- Your assignment:
Only the lines below from the one containing "Chandal Lacoste azul y blanco logo verde" through the one containing "Camisa branca feminina" belong in the answer, repeated exactly and without pictures.

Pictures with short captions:
_____

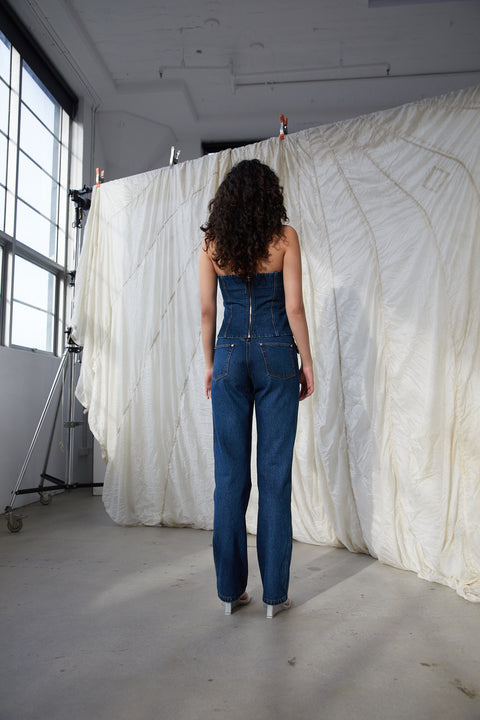 Model facing away showing the back of the jo denim bodice with zipper closure.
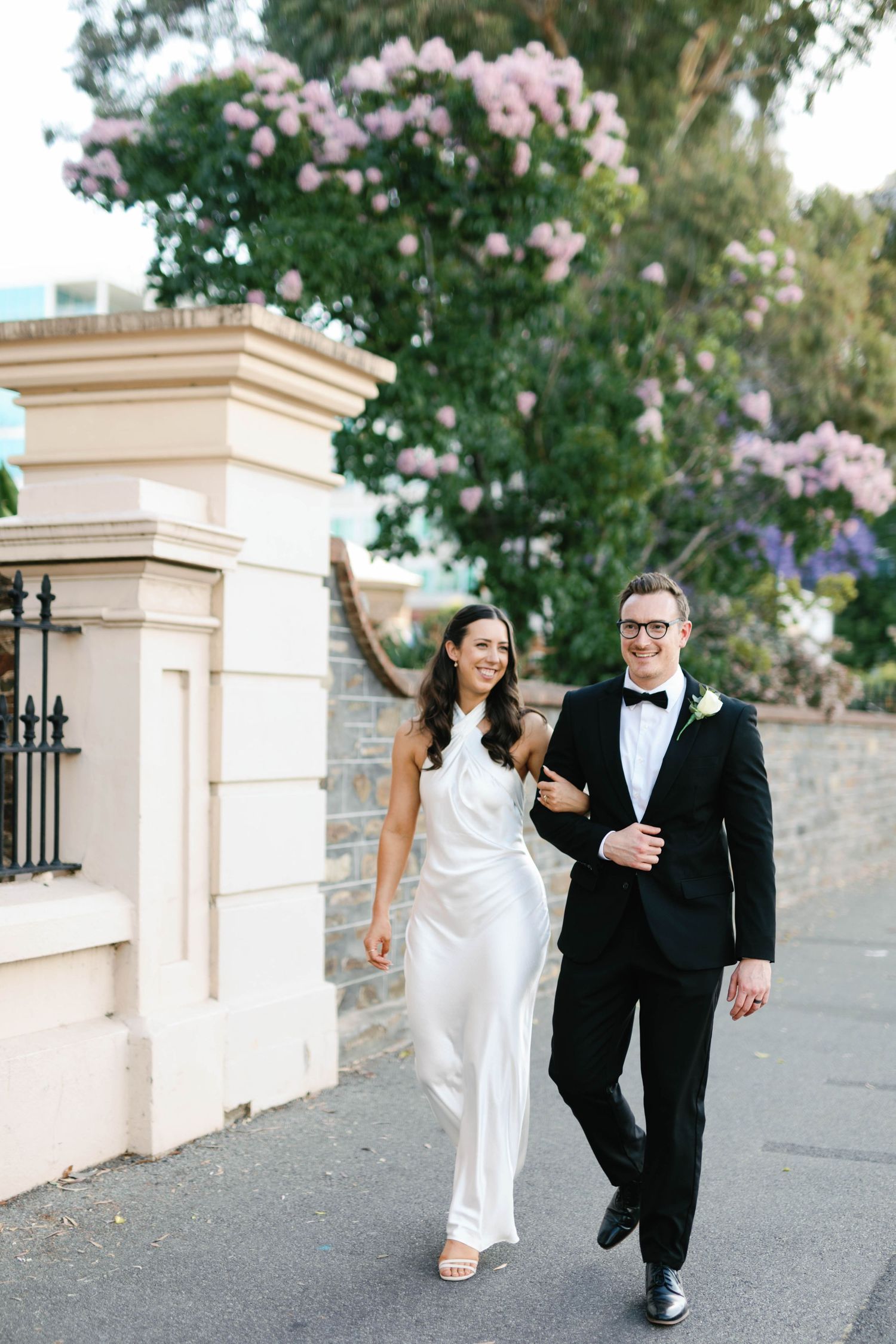 Brooke and Lloyd walking together beneath the trees on North Terrace.
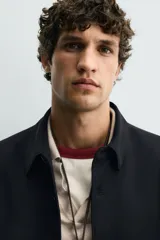 Sobrecamisa negra de corte regular, confeccionada en tejido compacto. Presenta cuello solapa, manga larga con puños abotonados y bolsillos de vivo en la cadera. Cierre frontal con botonadura.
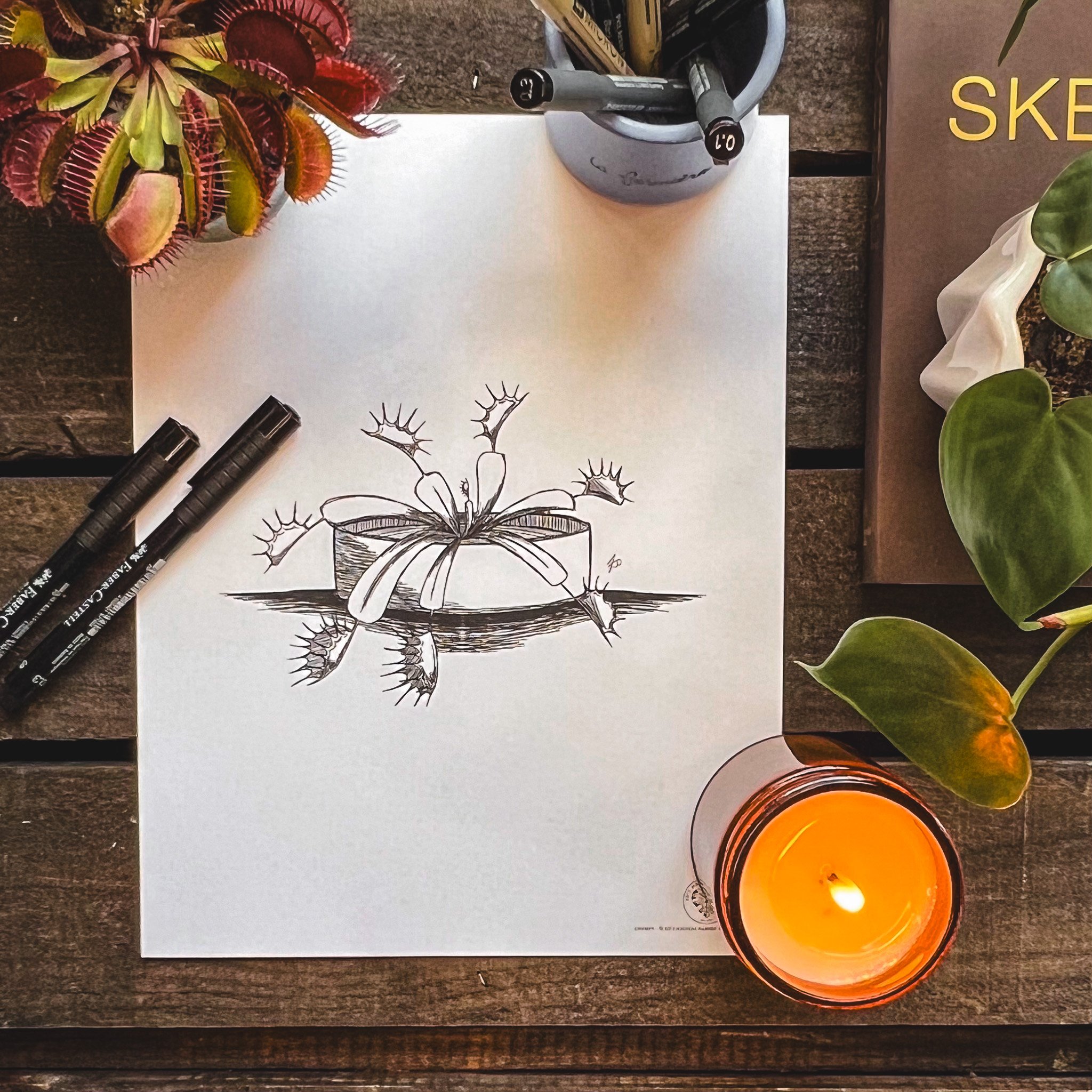 birdseye view of final print of Chompy the venus fly trap. Ink pens, candle, fly trap and sketchbook on a dark wooden background surrounding the print.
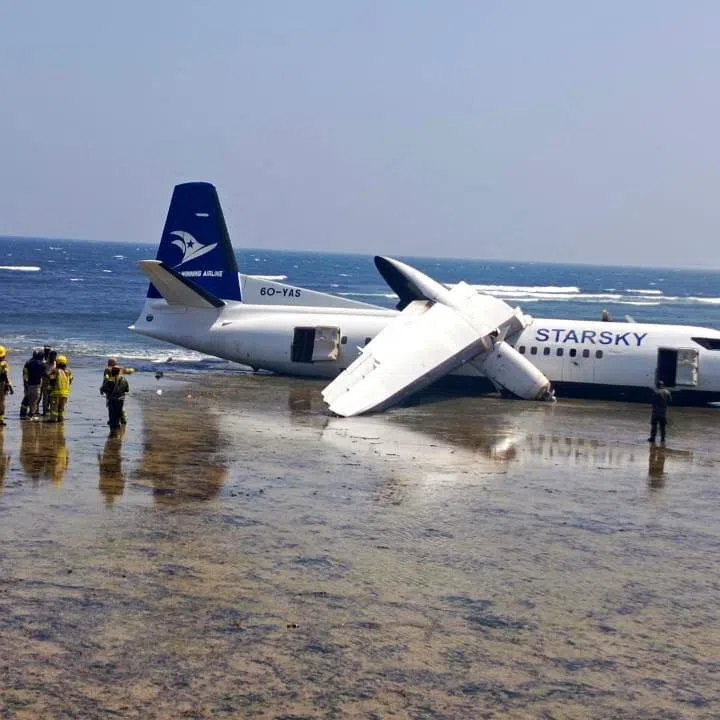Rescuers stand near a plane that crashed on the seashore in Mogadishu, Somalia, February 10, 2026. AUSSOM/Handout via REUTERS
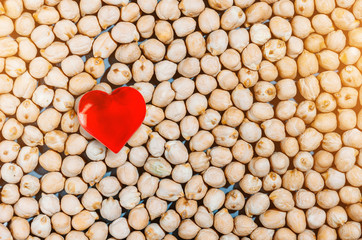 Healthy eating, chickpeas beans background and heart symbol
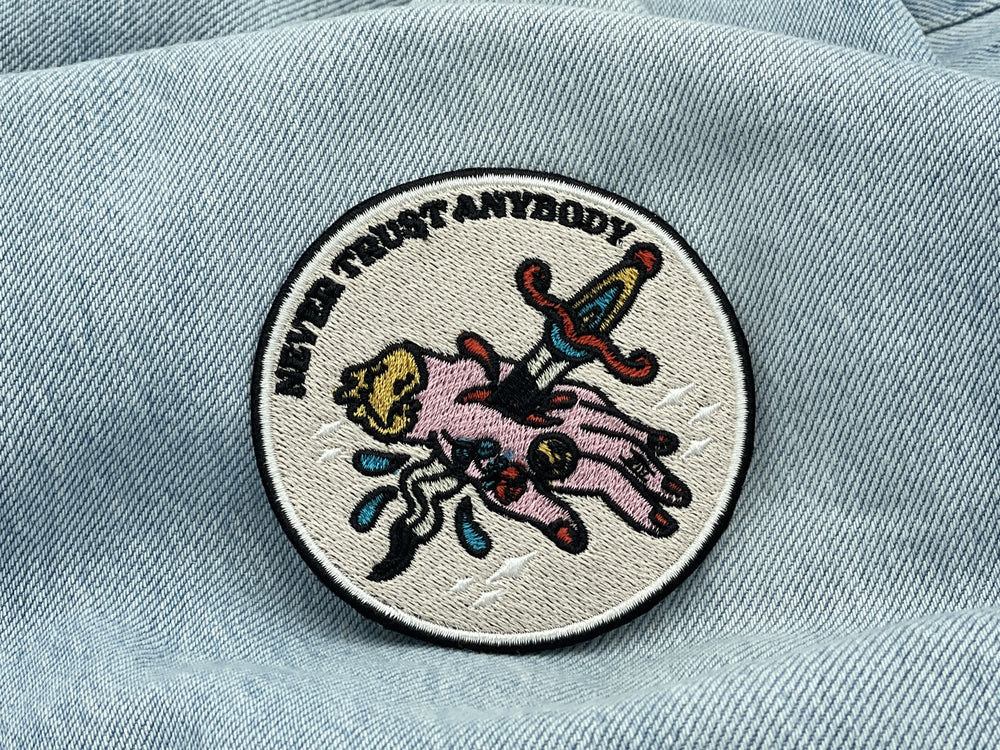 Never Trust Anybody Patch auf heller blauer Jeans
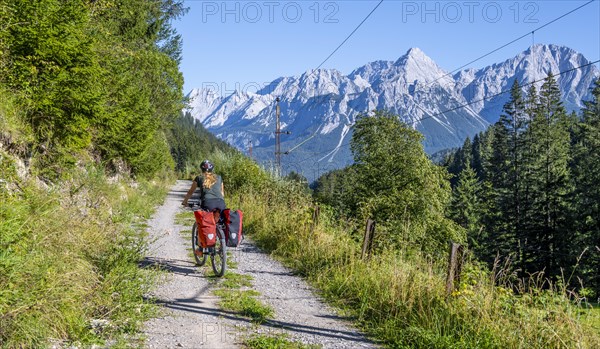 Cyclist on bike tour with mountain bike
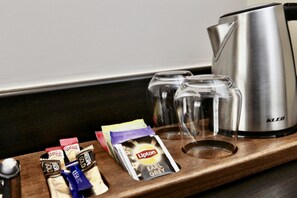 Eine Ablageplatte mit Lipton Teebeuteln, einer KLEO Kaffeemaschine und zwei Gläsern.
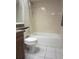 The bathroom has tiled floors and walls, a bathtub with a shower curtain, and a vanity at 233 Woodlake Wynde, Oldsmar, FL 34677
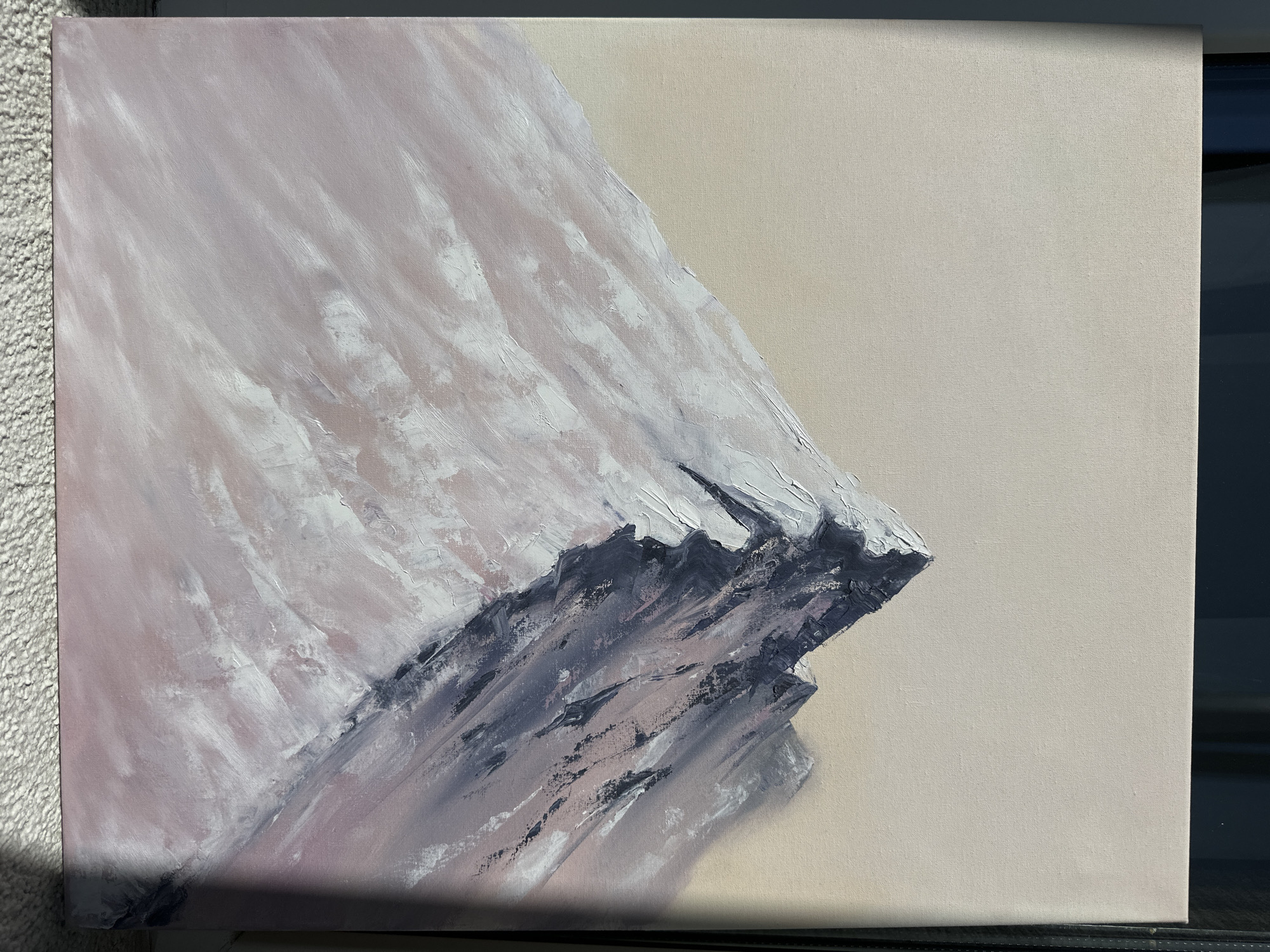 The image shows an abstract painting on canvas depicting a mountain. The mountain occupies the left side of the canvas, with a predominantly white and pinkish-gray color palette. The right side of the canvas is filled with a plain beige background. The painting exhibits textured brushstrokes, particularly in the mountain area, suggesting a thick application of paint. The scene is indoors. The location is unknown.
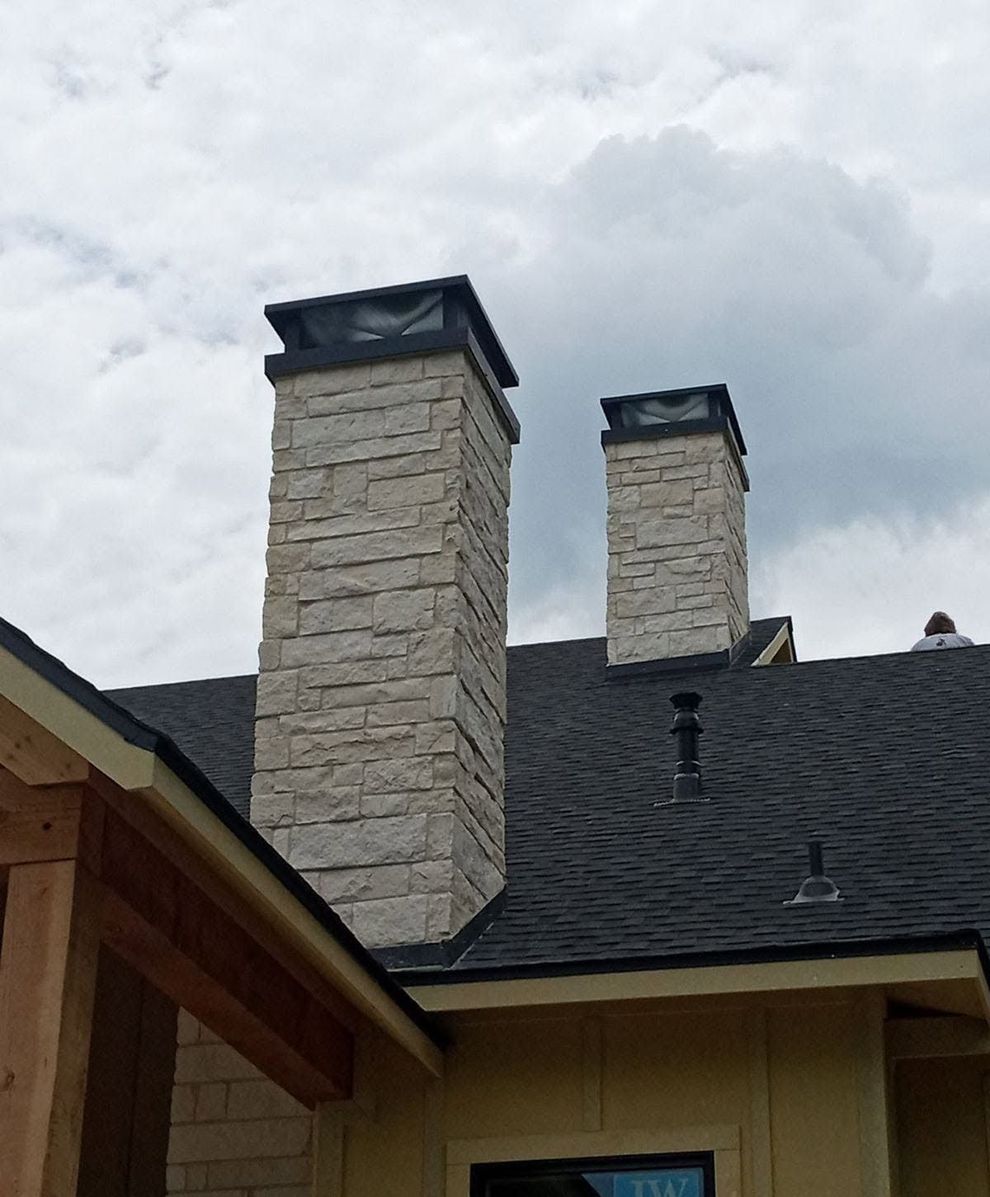 Two stone chimneys on a dark shingled roof under cloudy skies
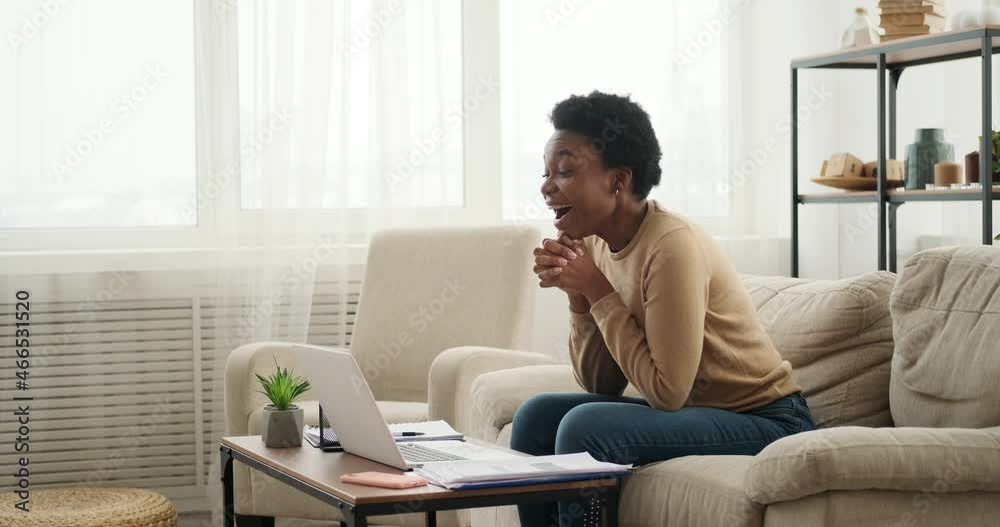 Woman celebrating online success using laptop at home Woman celebrating online success using laptop at home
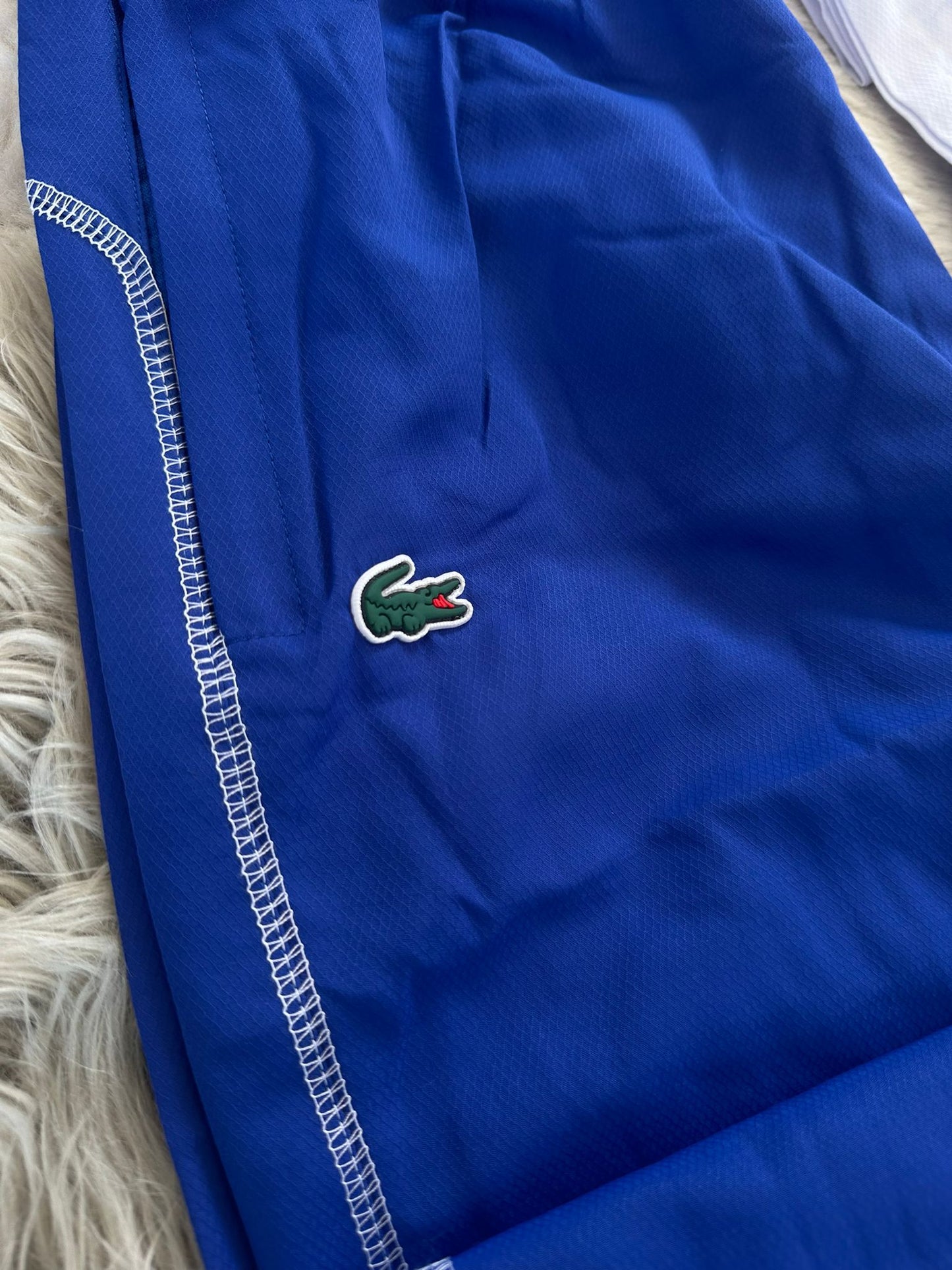 Chandal Lacoste azul y blanco logo verde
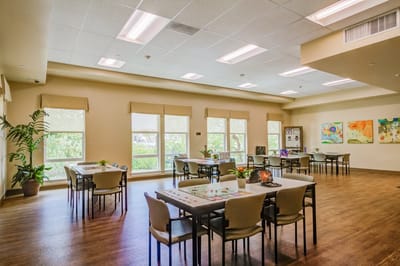 Bright interior common area with tables and artwork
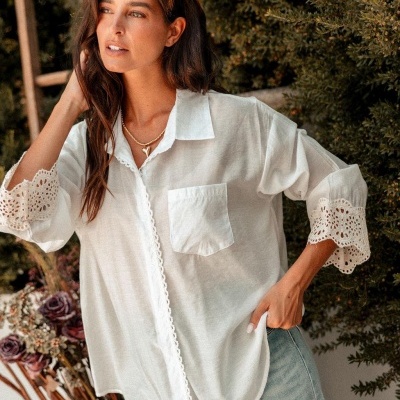 Camisa branca feminina com gola e mangas rendadas em ambiente exterior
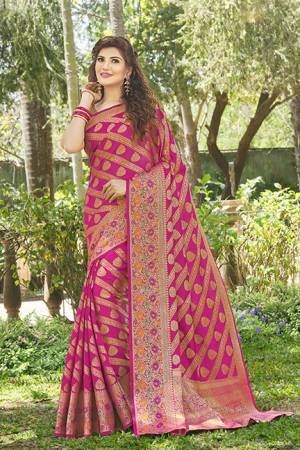 For A Proper Traditional Wear, Grab This Designer Silk Based Saree In Rani Pink Color. This Saree And Blouse Are Fabricated On Art Silk Beautified With Attractive Detailed Weave. Buy Now.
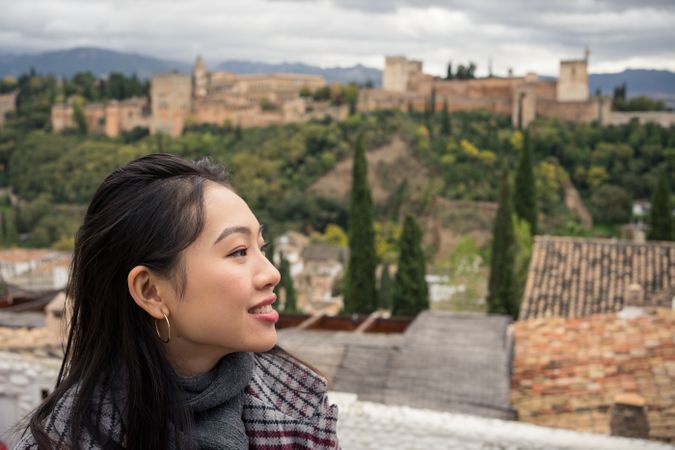 Content female enjoying view of big ancient castle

_____

- Your solution:
 Chandal Lacoste azul y blanco logo verde
 Bright interior common area with tables and artwork
 Camisa branca feminina com gola e mangas rendadas em ambiente exterior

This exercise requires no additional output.